It has dusky fur to keep it hidden in the trees, sharp claws to keep it high in the branches and a rumbling growl that could raise the hairs on the back of your neck. It could stalk you for miles if it wanted and – when it pounces – its strong jaws could bring down an adult deer. The idea of bringing Eurasian lynxes back in the wild is a provocative one to say the least.
‘But they have an exemplary record of extremely low livestock predation,’ says a spokesperson for campaign group Lynx UK Trust, ‘and no recorded incidents of attacks on humans by any healthy wild lynx in all of recorded history.’
This week, Lynx UK Trust headed talks discussing the details of a Eurasian lynx reintroduction scheme. 20 stakeholder groups, including landowners, farmers and conservationists, came together for what the Trust described as an historic meeting. Ian Convery, Associate Professor of Conservation at the University of Cumbria and consultation advisor for the Trust says, ‘it is the first time a large number of stakeholders have come together to discuss an actual reintroduction of this wild cat to the UK, with a trial that would be extensively monitored by scientists.’
A proposed site for a pilot release of ten individuals is hoped to be revealed next month, with forests shortlisted in Aberdeenshire and Northumberland. ‘That’s when it gets really exciting,’ says Dr Paul O’Donoghue, Chief Scientific Advisor to the Trust. ‘We will get to talk with the people who would actually be living alongside these amazing animals.’
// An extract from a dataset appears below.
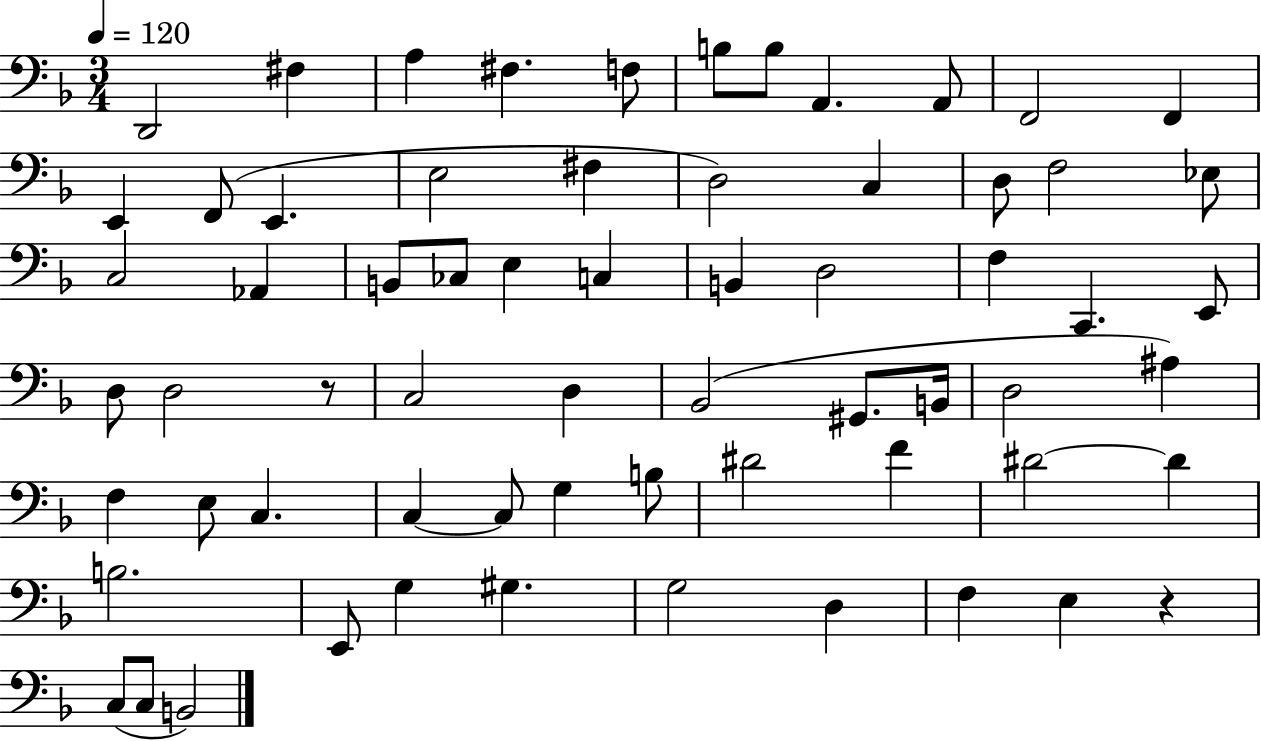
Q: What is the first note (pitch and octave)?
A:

The Eurasian lynx’s preferred diet of roe deer makes it the ideal species for the rewilding movement, which vies for the reintroduction of apex predators in order to control herbivore populations and reinvigorate ecosystems. At about the size of a labrador, the Eurasian lynx is ambitious when it comes to hunting. It can tackle an animal many times its own size and is the only lynx species that eats more deer than it does rodents or rabbits. However, the same characteristics bring strong opposition from farming unions who understandably fear for the loss to their livestock.
Scottish Crofting Federation chair, Fiona Mandeville, has said ‘the most threatened species in the Highlands is the hill sheep and any threat to their viability must be resisted.’
According to the Trust, consultation and dialogue will continue with concerned stakeholder groups throughout the summer.